Drawing out this type of information is precisely what was recommended by Michael Bloomberg’s global Task Force on Climate-related Financial Disclosure. Launched a year ago, the task force was set up to help firms understand what financial markets want to know in order to measure and respond to climate change risks. As a recent progress update indicated, there have been some encouraging first steps, but much more work is needed on this.  

If more organisations publish decision-useful climate risk information, it would enable a better understanding internally of the risks and opportunities that climate change presents, and in turn promote more informed investment, credit [or lending] and insurance underwriting decisions.  

As the lead on Aviva’s TCFD disclosure, I understand the complexities involved. To find the true value in this work, it’s vital the board and experts from across the business get involved.

In the short term, I believe that being able to translate non-financial information into figures on the balance sheet will do more to shape our internal decision-making process, before we realise the full value that external disclosures create. For example, it will help us to understand how increased prices will affect profitability for the companies we invest in that are exposed to a carbon pricing mechanism. It could also help us evaluate the opportunity to invest in electric vehicle charging infrastructure, if policymakers set an ambitious target to ban the sale of new internal combustion engine vehicles. 

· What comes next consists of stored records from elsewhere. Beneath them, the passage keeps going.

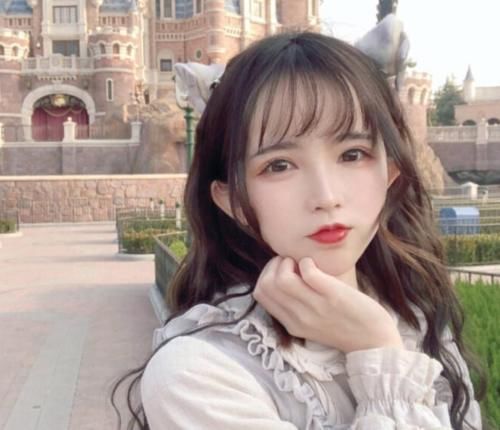 长时间化妆的人跟不化妆的人会有什么区别？你知道吗？来看一下吧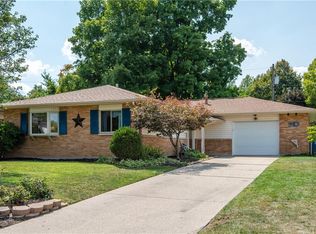813 Twin Oaks Dr, Dayton, OH 45431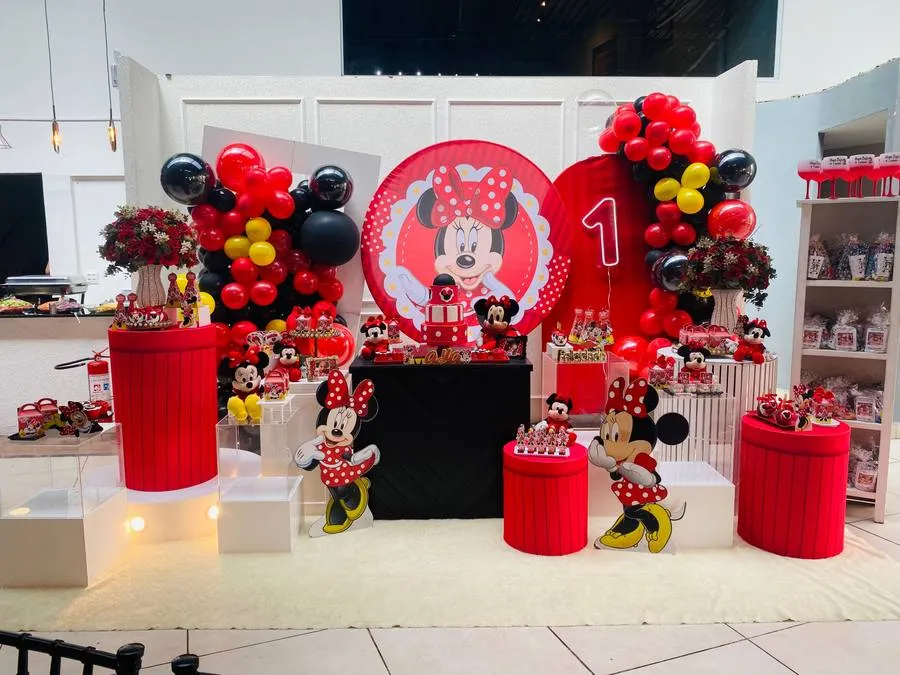 Decoração Minnie · Minnie Vermelha · Buffet Family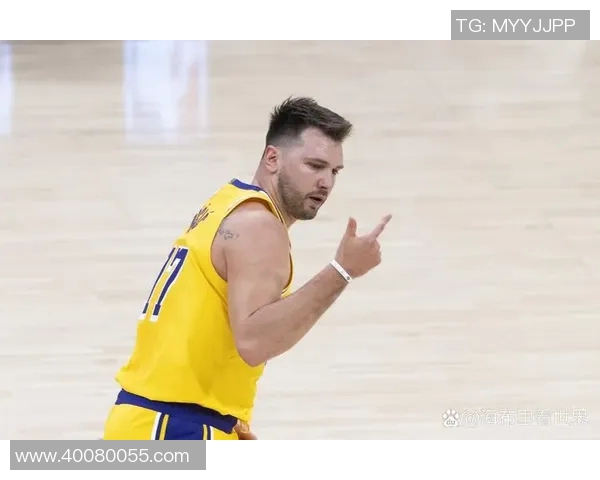 东契奇赛后采访爆金句,引全场大笑 东契奇赛后采访爆金句,引全场大笑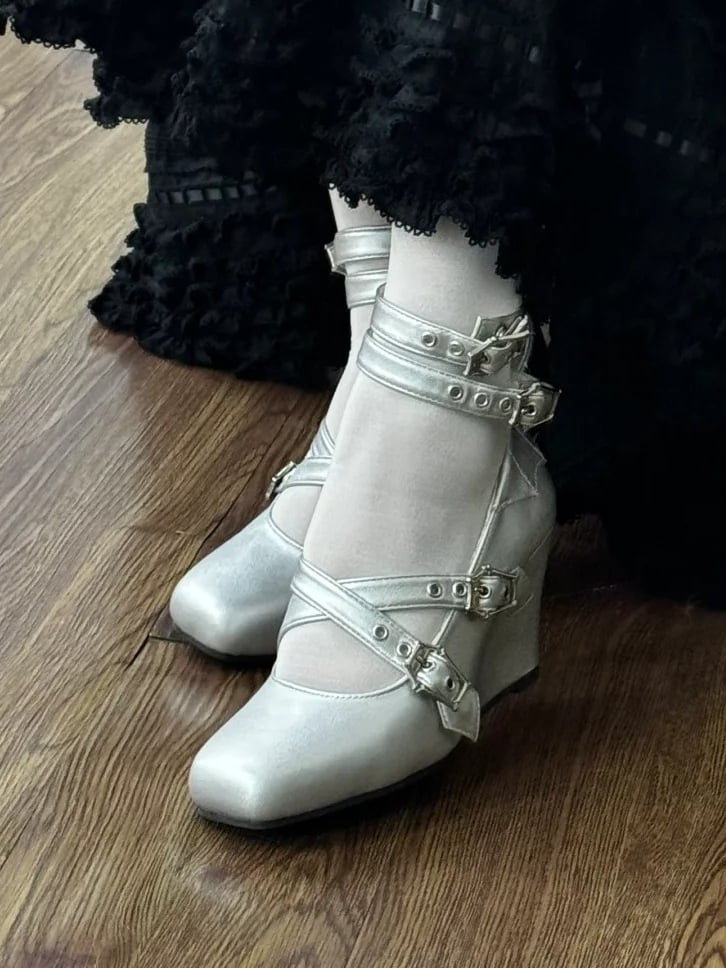 with Wedge Coffin-shaped Silver Design White Toe Gothic Crisscross Buckles Mary Square Janes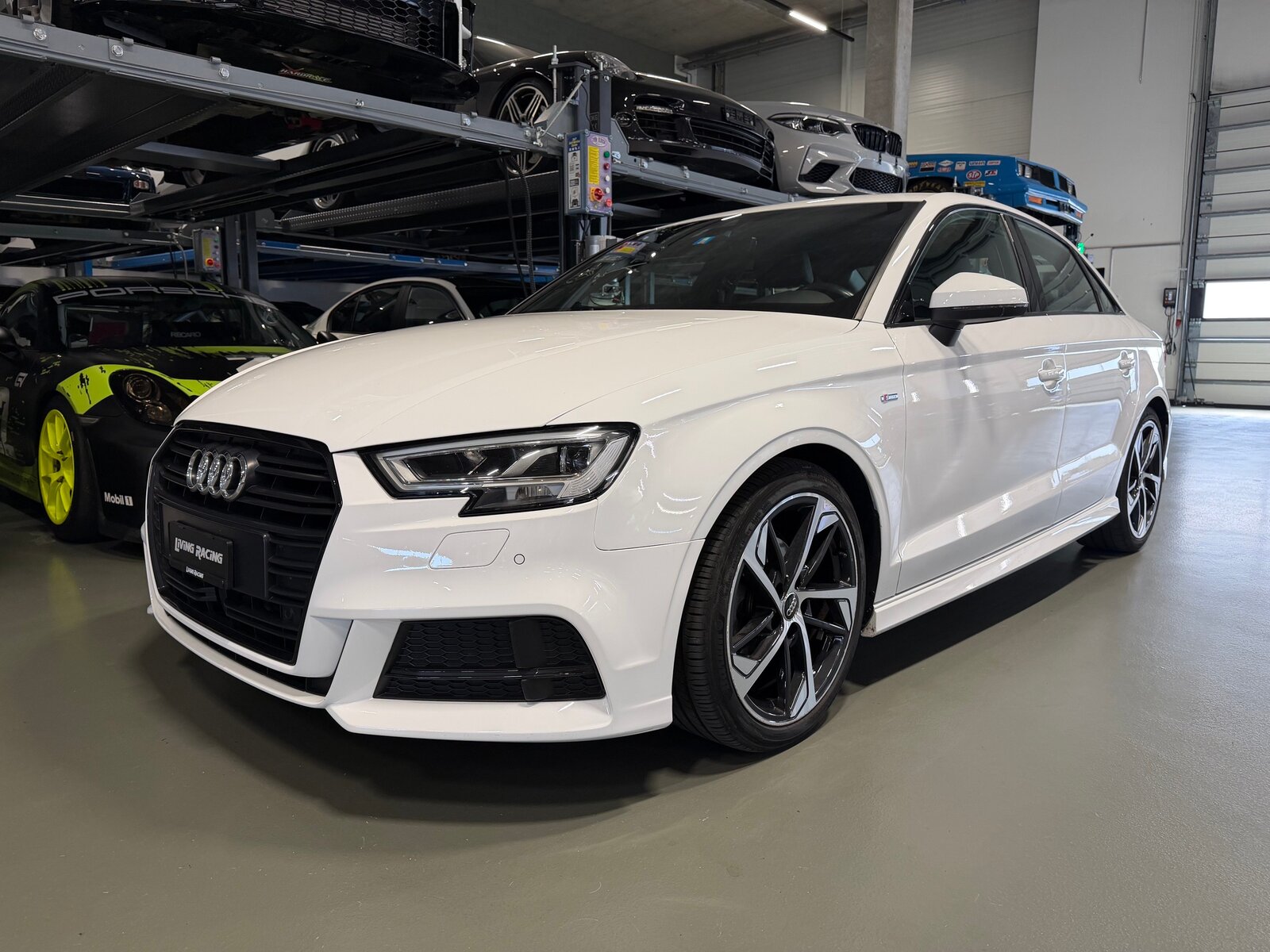 AUDI A3 Limousine 35 TFSI Sport S-tronic, Essence, Occasion / Utilisé, Automatique - 2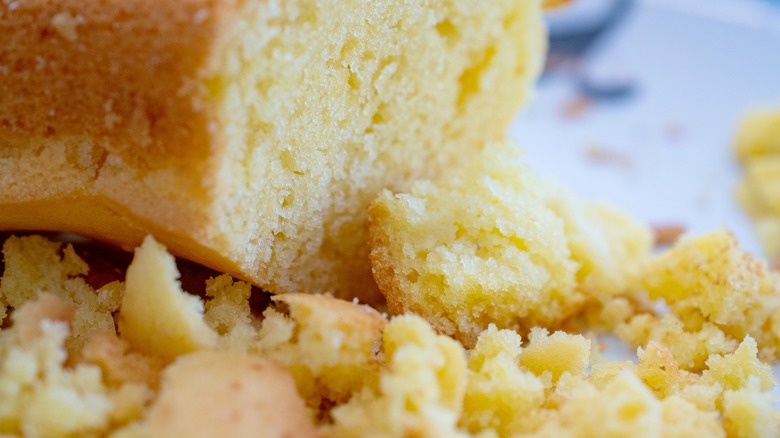 Crumbled fluffy cornbread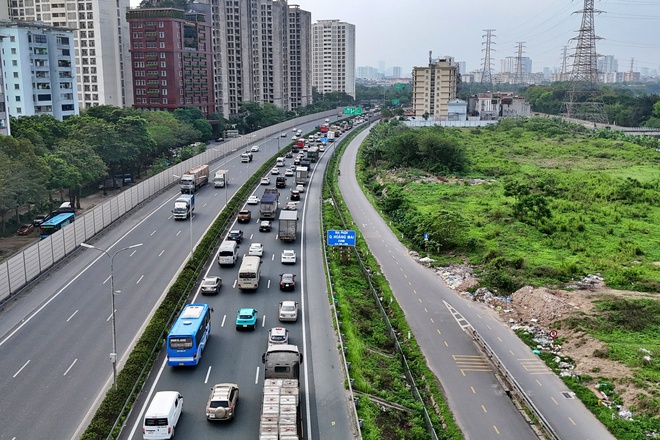 Người dân ùn ùn trở lại Hà Nội dù chưa hết nghỉ lễ 30.4 - 1.5 - Ảnh 1.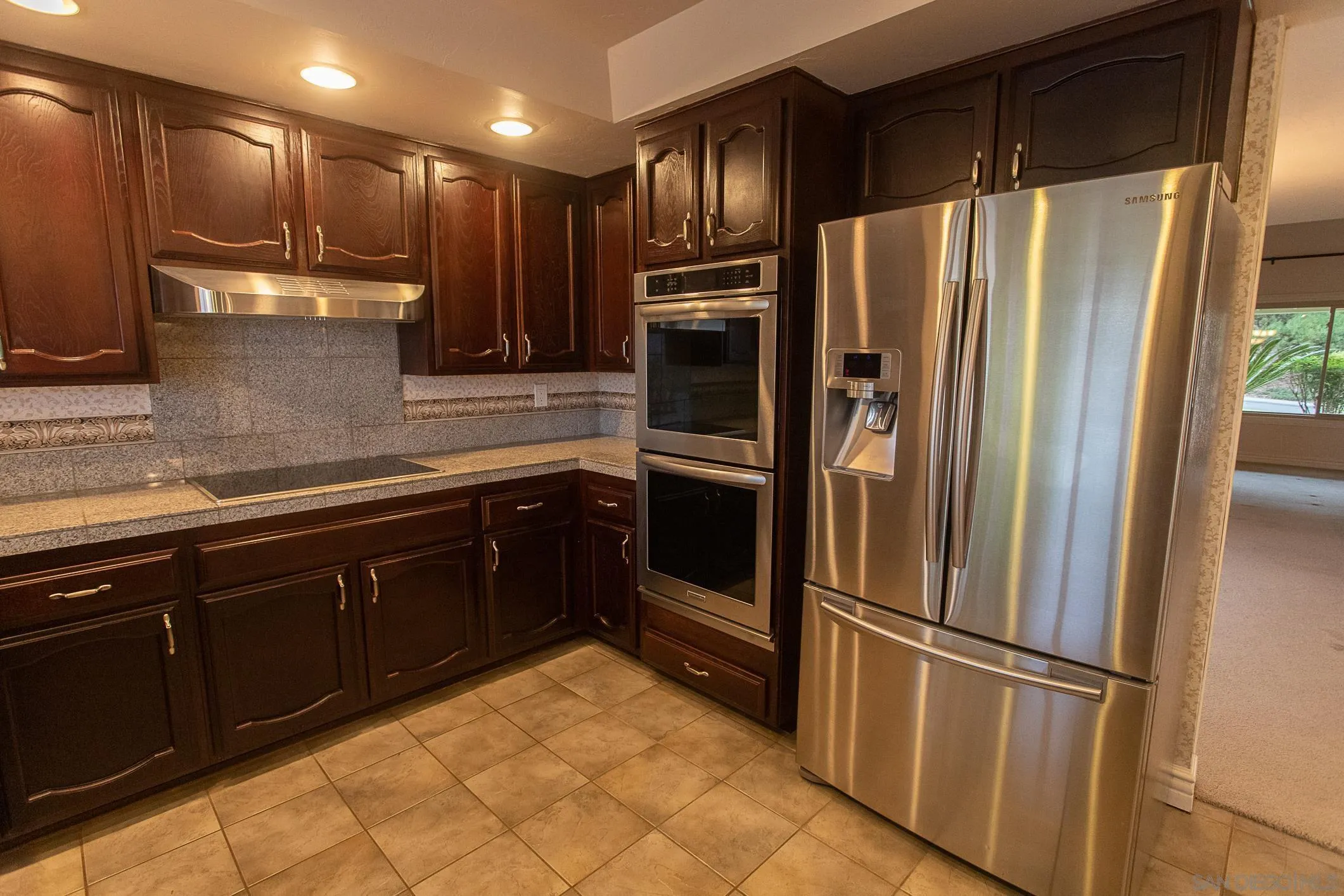 https://cdn.realtyfeed.com/cdn/127/260019749/dff1206d0e48e3cb3108322450e0463b.webp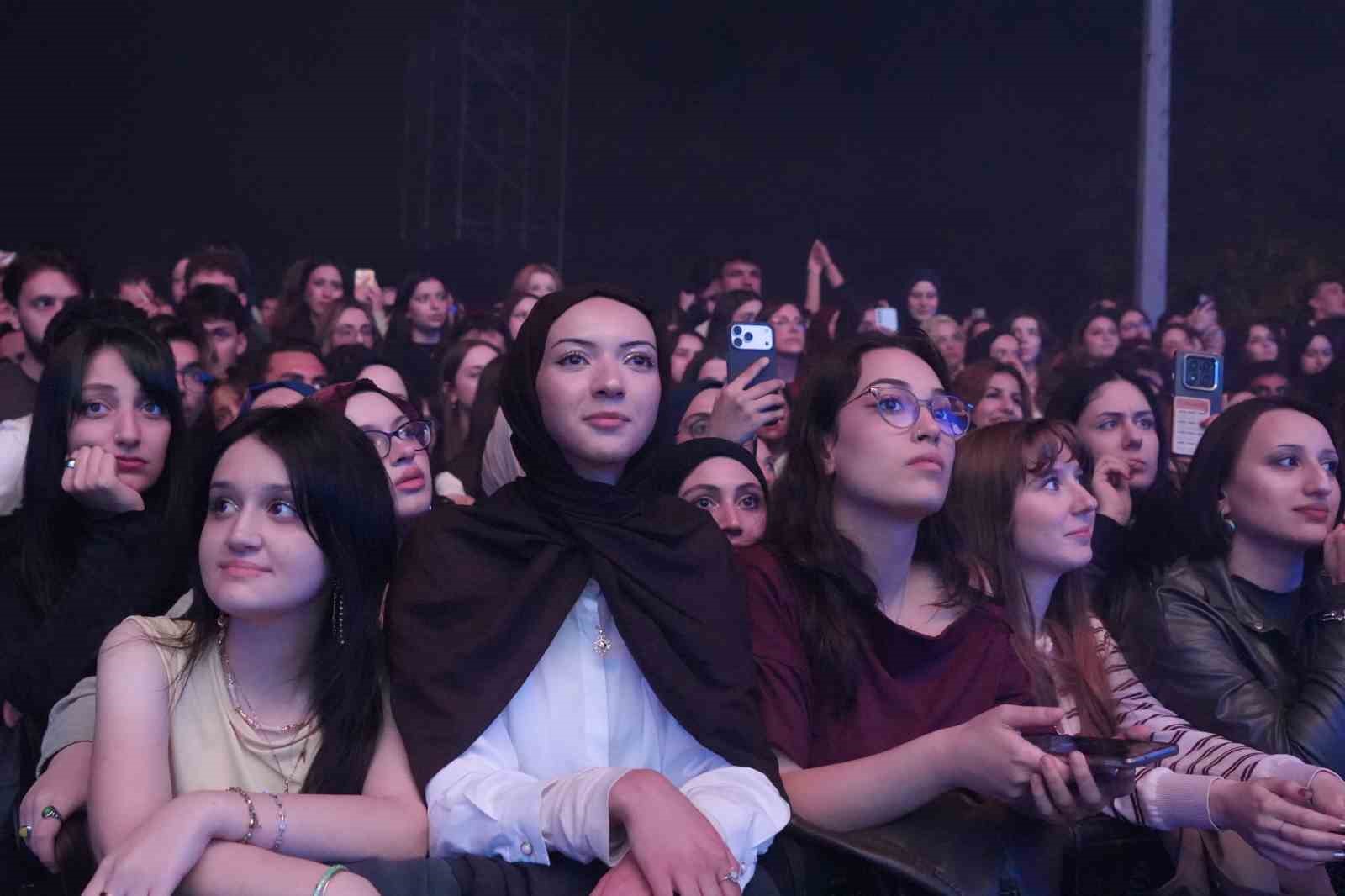 Bolu’da Athena 15 bini aşkın öğrenciye konser verdi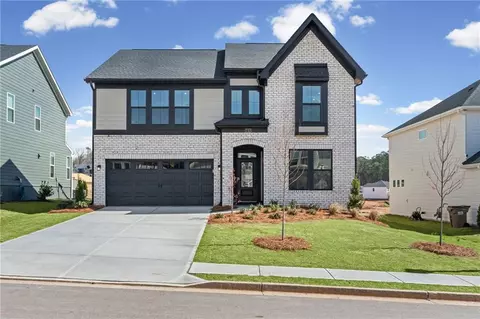 713 Crystal Lake Pkwy, Hoschton, GA 30548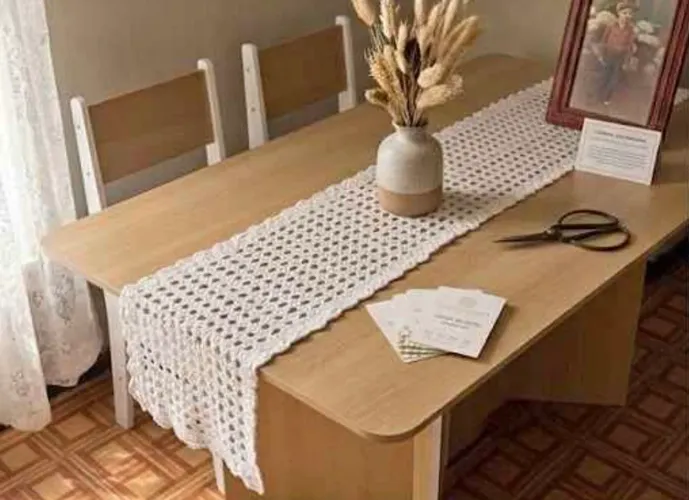 Trilho de mesa artesanal de crochê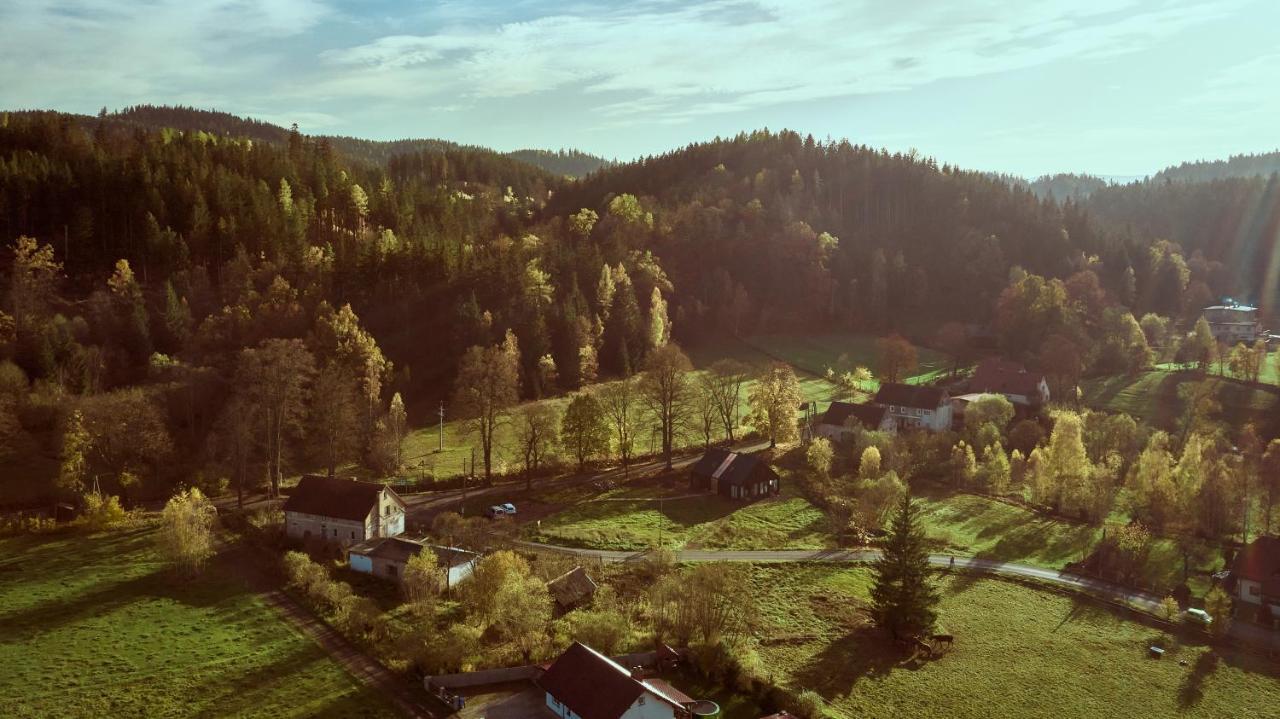 Baza Udana Appartement Janowice Wielkie Buitenkant foto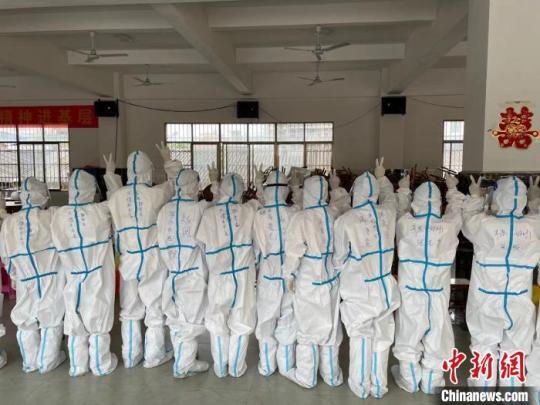 圖為前來支援瑞麗的大理州洱源縣醫(yī)療隊?！】姵?攝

Likewise, as we continue to ‘put on our own oxygen mask’ we will seek to help others put on theirs.  We will increasingly expect more transparency, disclosure and demonstration of clean, green growth from companies where we invest, regardless of the sector or country.

This first UK Green GB Week showcases newer businesses with clean growth at their heart. But this should not be to the exclusion of any company that understands the systemic risks of climate and the business imperative of addressing it in the way we do business today, so that we can continue to do business tomorrow.